Posted: Fri May 30, 2014 8:55 pm
by Lupk
maskedscavenger wrote:Suppose we can map each fairy to a single child uniquely, and when a child says the word, one of these fairies dies, say randomly.
And suppose we have knowledge of this mapping.

Then we could send a message of k bits by sending k children in space, and the kids assigned to a 1 kill one of their fairies.
And the 0-kids say nothing.

Then we could observe the k sets of fairies on earth and the i-th bit of the message is 1 when a fairy of the i-th set dies.
Otherwise it's zero.

Would that violate Einstein ?
The system's fine, what violates relativity is the fact that the death of the fairy occurs instantly after the child speaks his lack of ingenuity. This system could be used as you described to send information instantly to some place many light-years away, effectively transmitting information faster than the speed of light, which according to (special) relativity is impossible. The OP, however, posited that the instant reaction of the fairies might be a consequence of quantum entanglement, which isn't subject to speed-of-light limitations.

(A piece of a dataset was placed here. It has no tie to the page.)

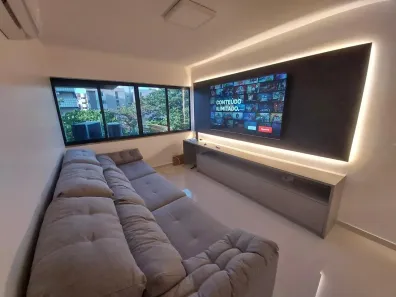 Apartamento com 2 Quartos para alugar, 162m² no Ponta Verde, Maceió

On an unrelated note, has anyone else noticed that lately Zach seems hellbent on ruining every children fantasy ever?

Re: [2014-05-28] Fairies

Posted: Sat May 31, 2014 12:40 am
by Jake
To put it in normal people words: it's not going faster than light because technically the information is not traveling anywhere, the people on both ends are just observing the same event happen

Re: [2014-05-28] Fairies

Posted: Sat May 31, 2014 11:02 am
by Kaharz
Lupk wrote:after the child speaks his lack of ingenuity.
I'm pretty sure you are using ingenuity wrong, I'm not sure what word you meant. I guess you could twist a way to make it work, but it really isn't the same thing as 'belief' at all. Just thought you should know so you can use it properly in the future. It is incredibly annoying when you find out you have been misusing a word for a long time and no one ever bothered to say anything to you. It's like walking around all evening with a big piece of spinach stuckin your front and no one you smile at tells you. Bastards.

Re: [2014-05-28] Fairies

Posted: Sat May 31, 2014 11:11 am
by Liriodendron_fagotti
Kaharz wrote:
Lupk wrote:after the child speaks his lack of ingenuity.
I'm pretty sure you are using ingenuity wrong, I'm not sure what word you meant. I guess you could twist a way to make it work, but it really isn't the same thing as 'belief' at all. Just thought you should know so you can use it properly in the future. It is incredibly annoying when you find out you have been misusing a word for a long time and no one ever bothered to say anything to you. It's like walking around all evening with a big piece of spinach stuckin your front and no one you smile at tells you. Bastards.
I'm betting he was going for credulity.